Records from a dataset
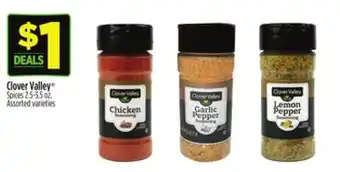 Dollar General Clover Valley Spices offer
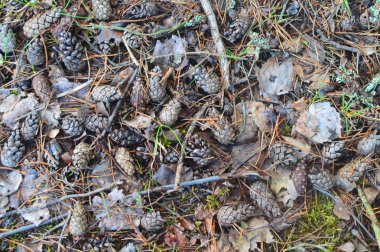 Kuru sonbahar yapraklarının arka planı. Köknar ağacı nın konileri. Güzel orman manzarası. Orman yolu.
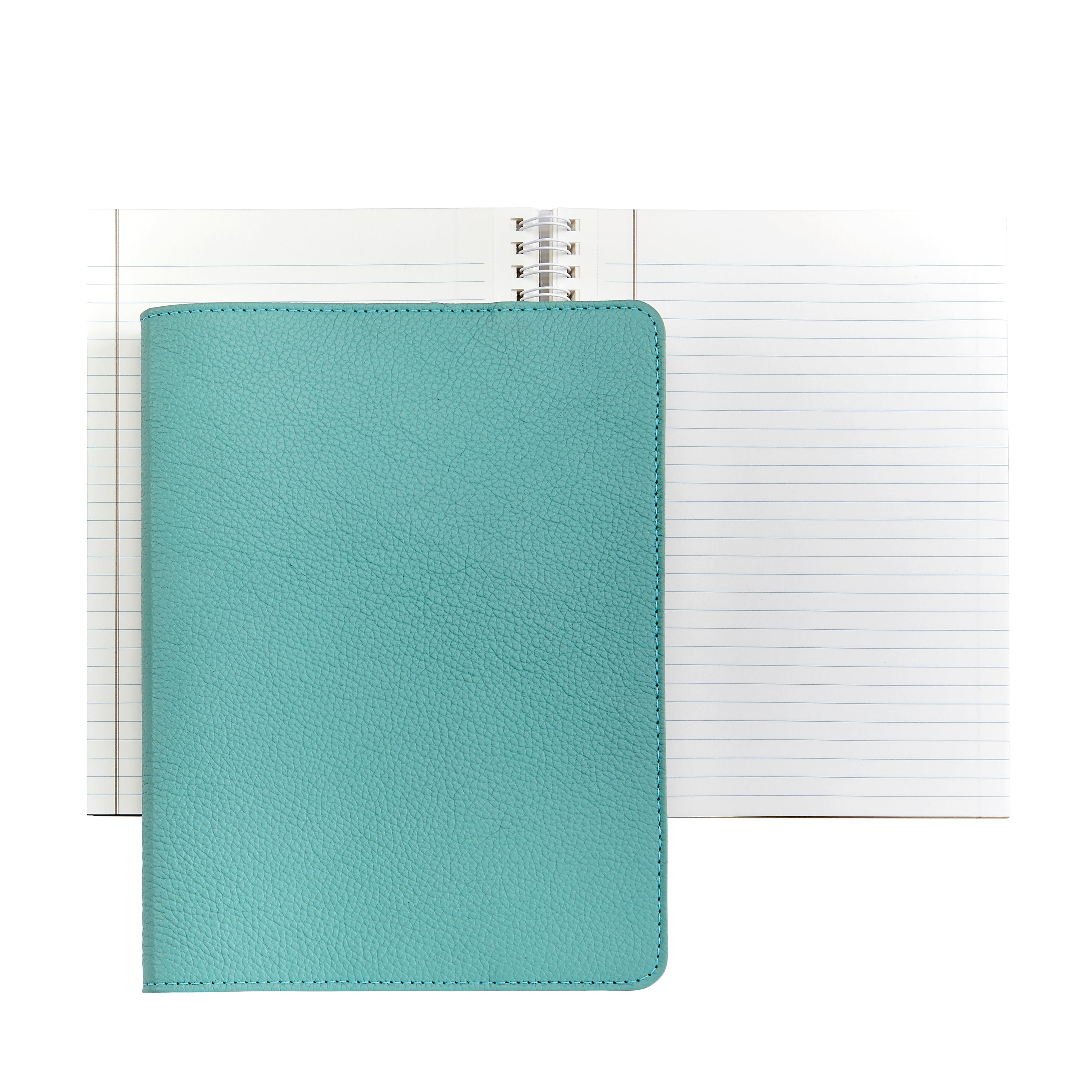 Graphic Image 9" Wire-O-Notebook Robin's Egg Blue Goatskin Leather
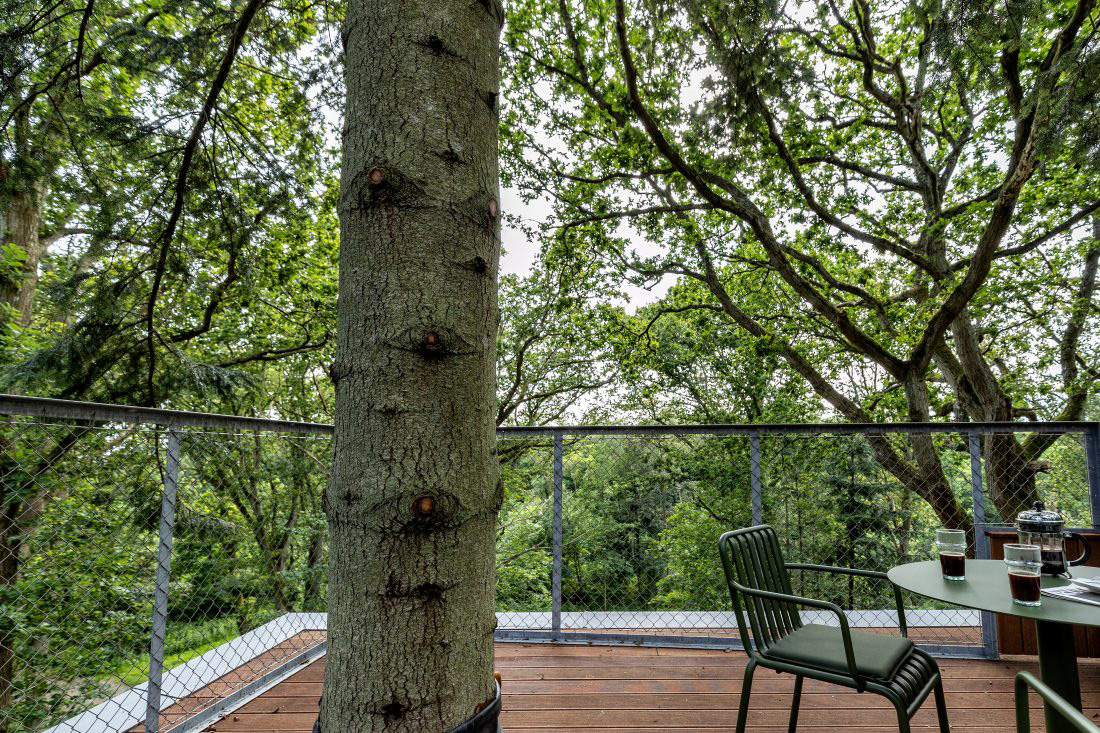 Treetop Hotel Lovtag: sleeping in the trees of a small, picturesque Danish forest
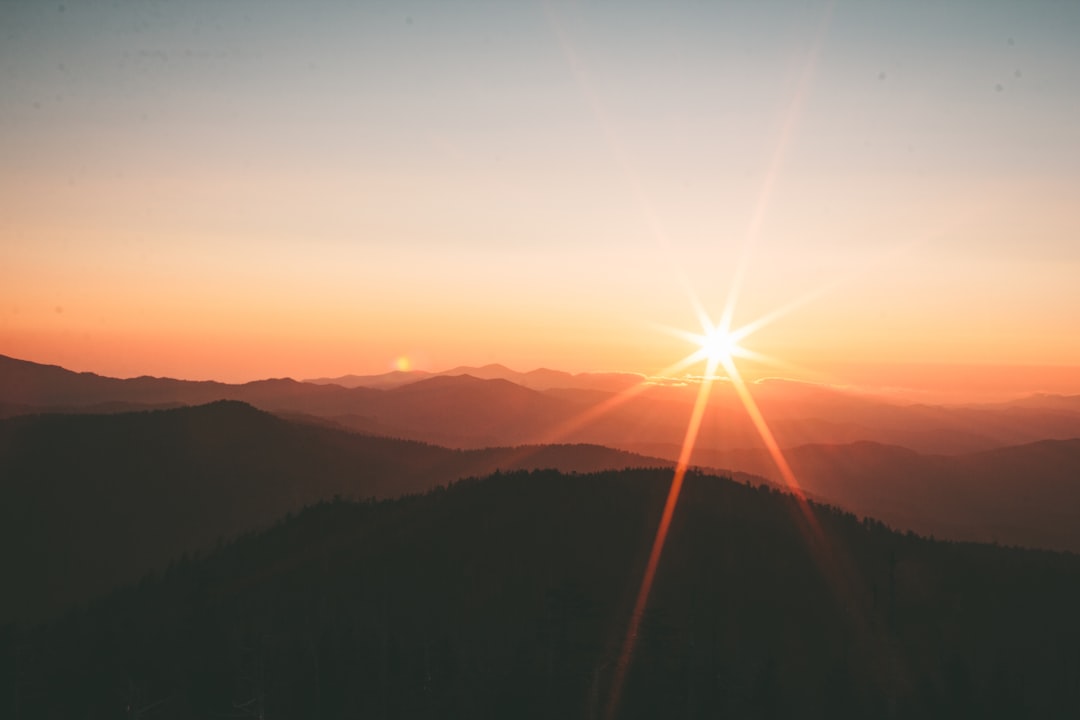 sunshine
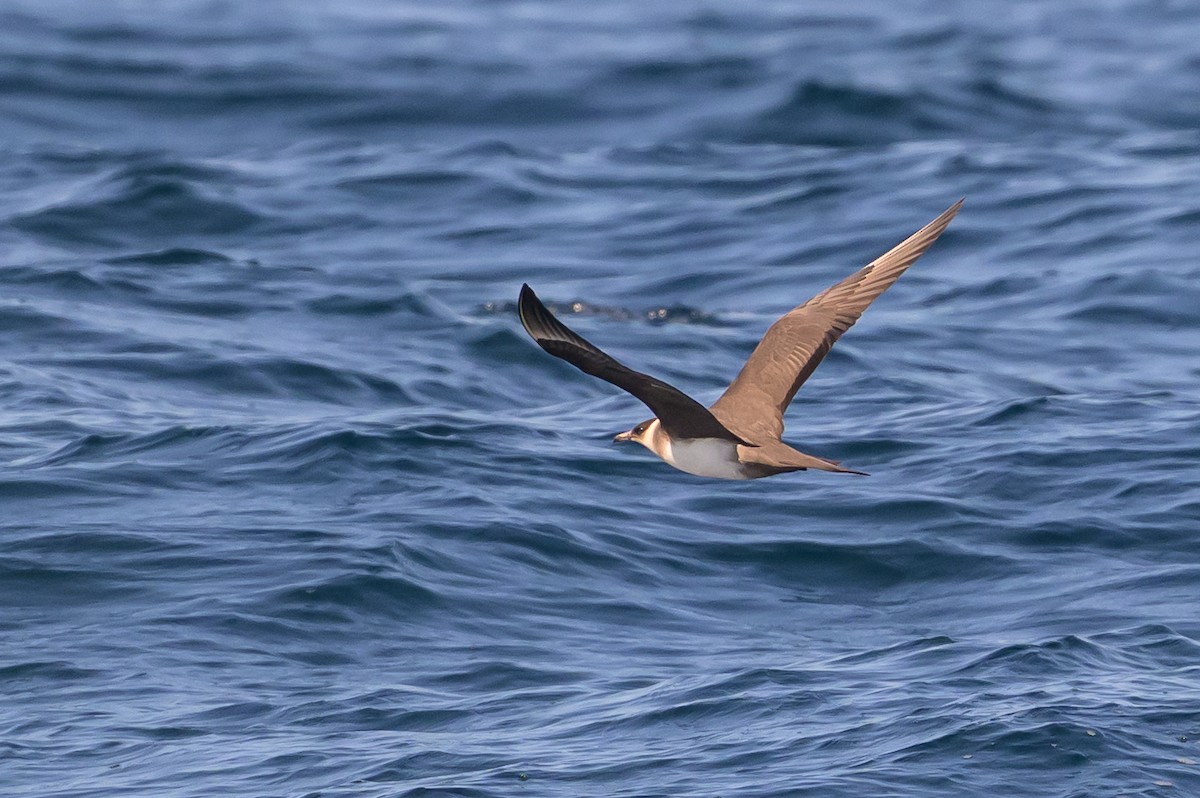 Parasitic Jaeger - ML642115135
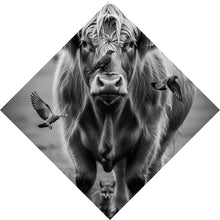 Lade das Bild in den Galerie-Viewer, Poster Hochlandrind mit Vögeln und Fuchs Raute
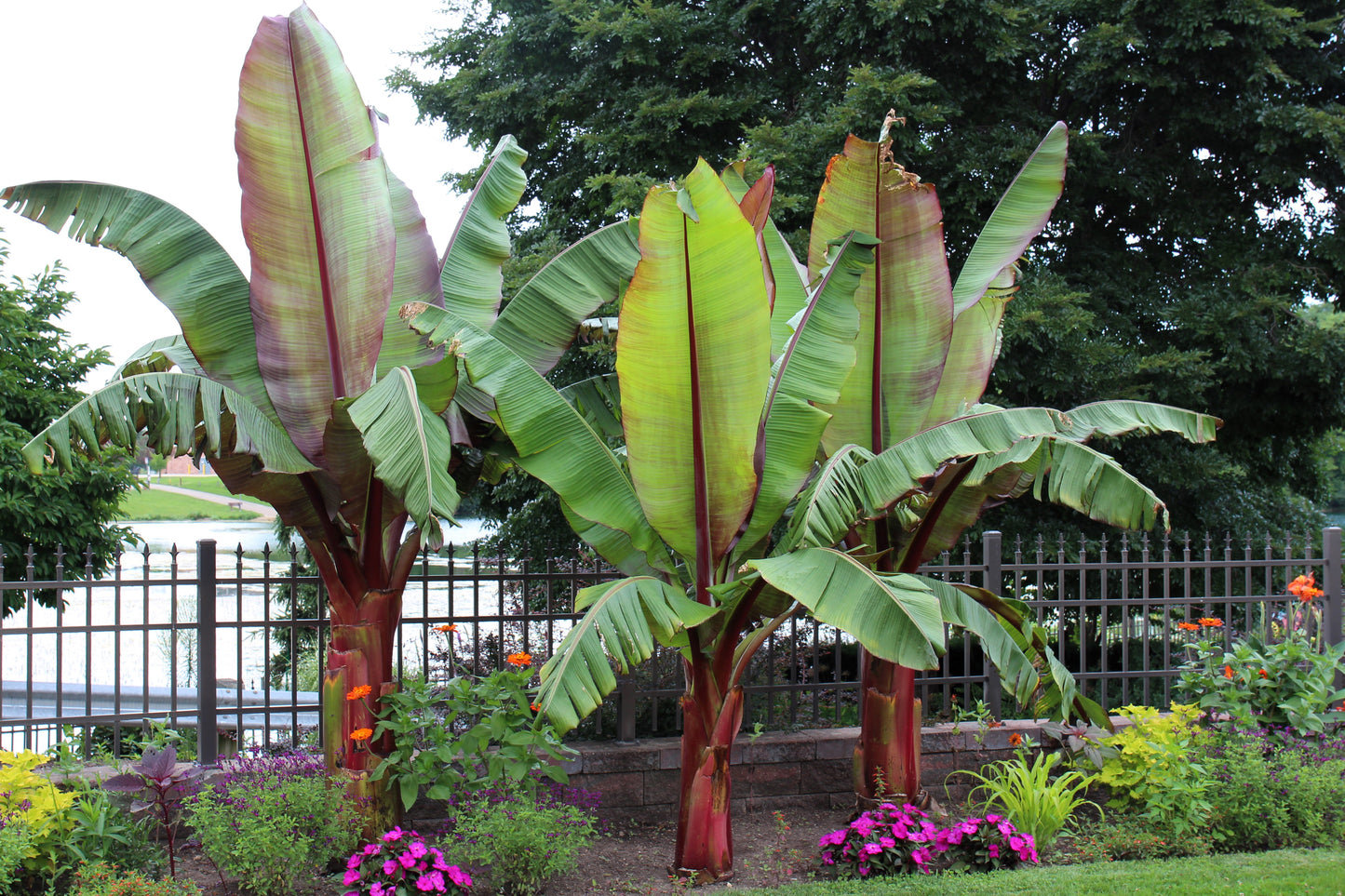 5 RED ABYSSINIAN BANANA Musa Ensete Ventricosum Flowering Fruit Tree Seeds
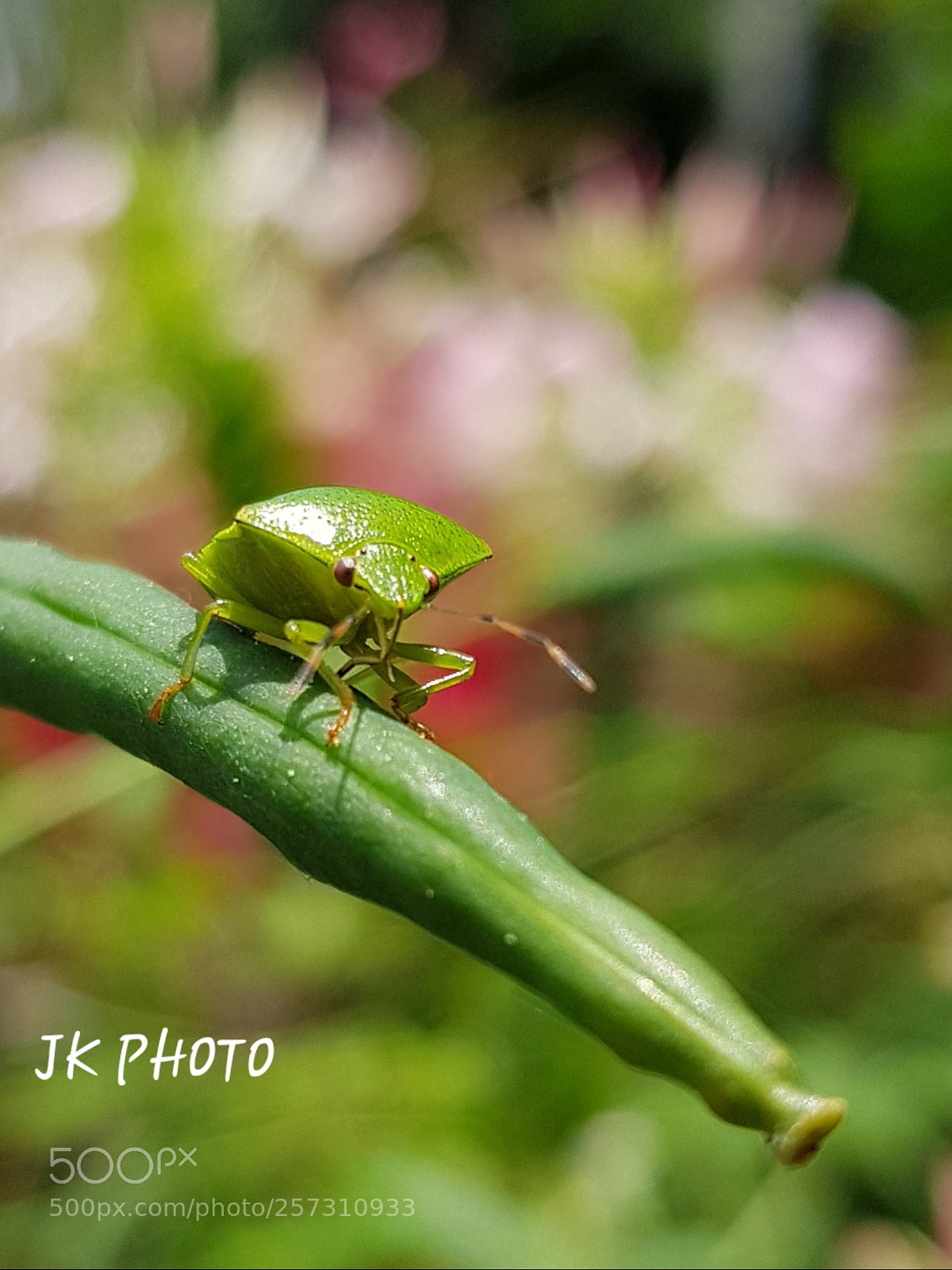 Samsung Galaxy S8+ sample photo. Wait photography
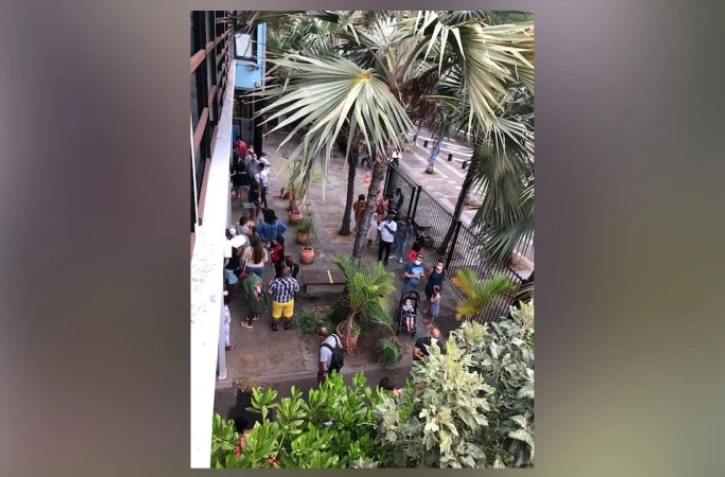 Des journées à 900 visiteurs à Kélonia 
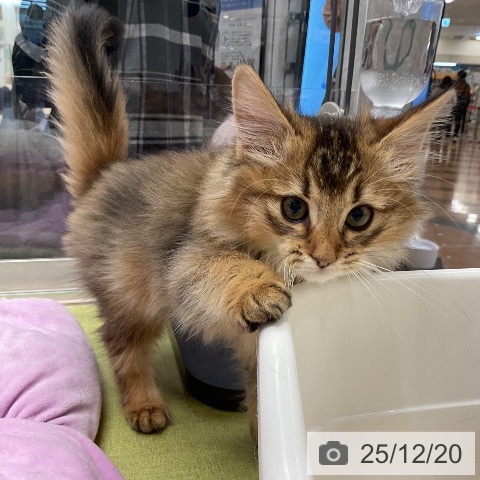 埼玉県のソマリ (ペットプラス 浦和美園店/2025年10月8日生まれ/男の子/ルディ)の子猫の4枚目の画像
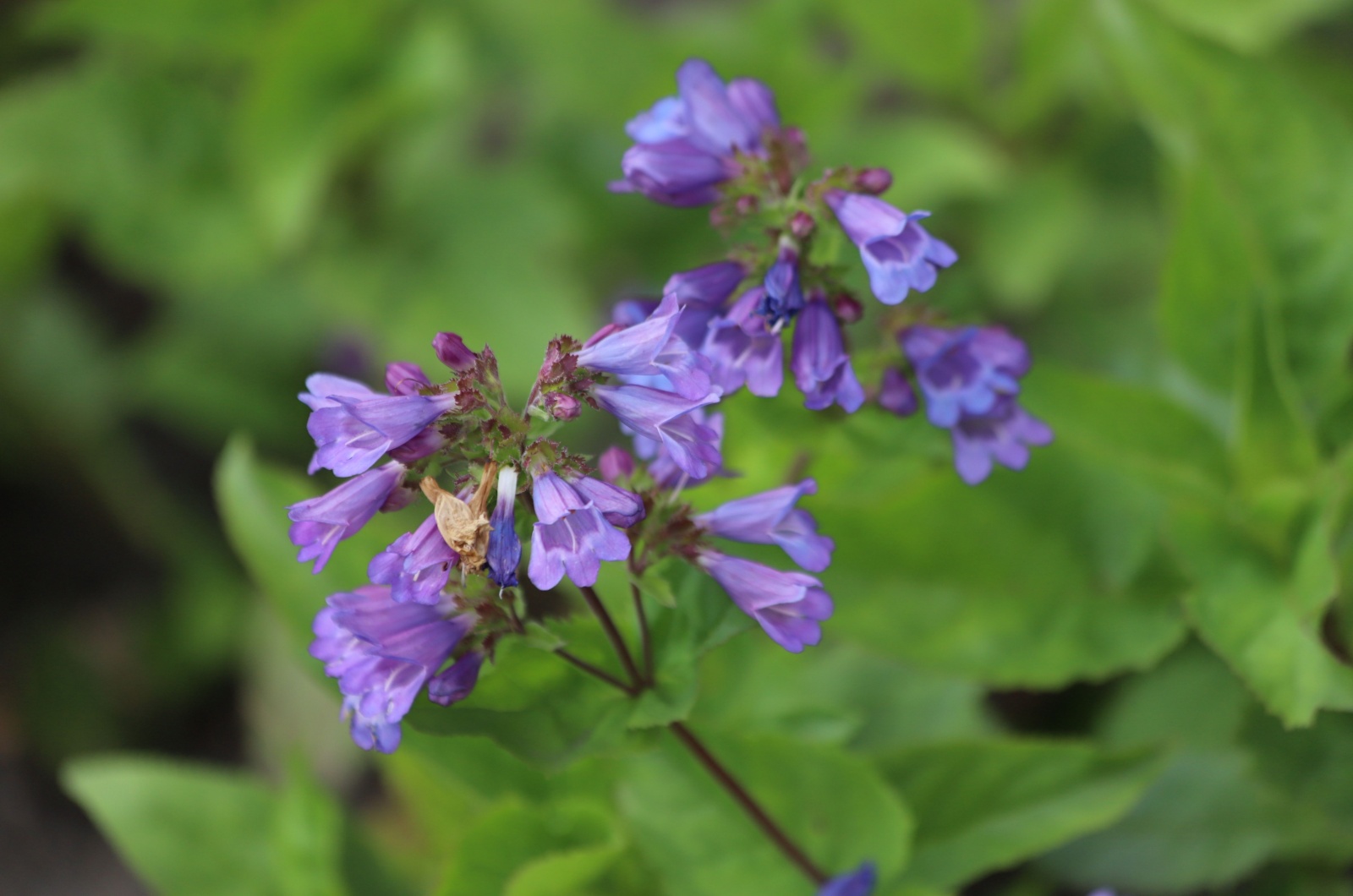 Penstemon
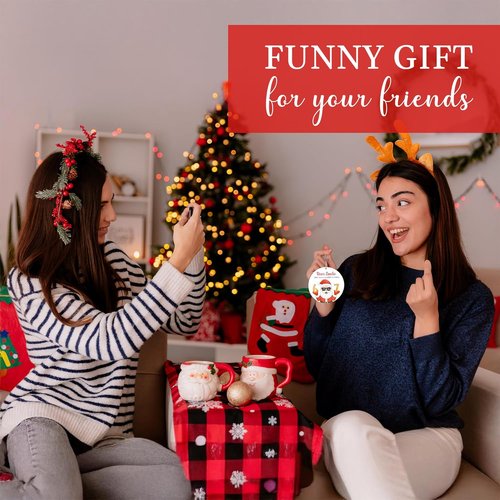 67 Meme Funny Christmas Ornaments - Hilarious Santa Tree Decor for Gag Gifts & Stocking Stuffers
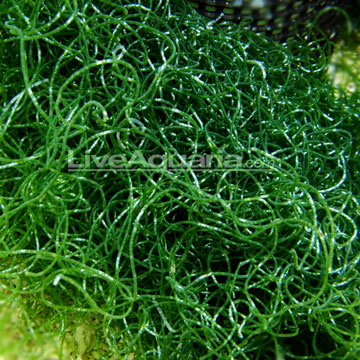 p-80574-chaetomorpha-algae.jpg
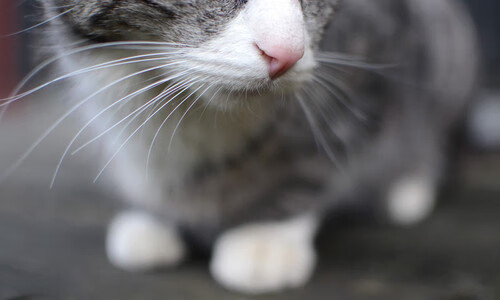 夜幕为幕,觉醒为刃,拉文以巴西雨战定义新时代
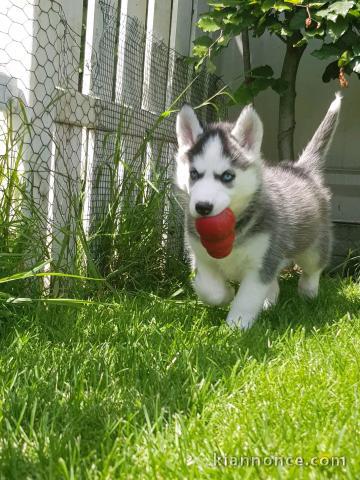 Je donne chiot husky sibérien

Instructions to follow
Please output the data above exactly as given, omitting every picture.

Output of the task
 Dollar General Clover Valley Spices offer
 Kuru sonbahar yapraklarının arka planı. Köknar ağacı nın konileri. Güzel orman manzarası. Orman yolu.
 Graphic Image 9" Wire-O-Notebook Robin's Egg Blue Goatskin Leather
 Treetop Hotel Lovtag: sleeping in the trees of a small, picturesque Danish forest
 sunshine
 Parasitic Jaeger - ML642115135
 Lade das Bild in den Galerie-Viewer, Poster Hochlandrind mit Vögeln und Fuchs Raute
 5 RED ABYSSINIAN BANANA Musa Ensete Ventricosum Flowering Fruit Tree Seeds
 Samsung Galaxy S8+ sample photo. Wait photography
 Des journées à 900 visiteurs à Kélonia 
 埼玉県のソマリ (ペットプラス 浦和美園店/2025年10月8日生まれ/男の子/ルディ)の子猫の4枚目の画像
 Penstemon
 67 Meme Funny Christmas Ornaments - Hilarious Santa Tree Decor for Gag Gifts & Stocking Stuffers
 p-80574-chaetomorpha-algae.jpg
 夜幕为幕,觉醒为刃,拉文以巴西雨战定义新时代
 Je donne chiot husky sibérien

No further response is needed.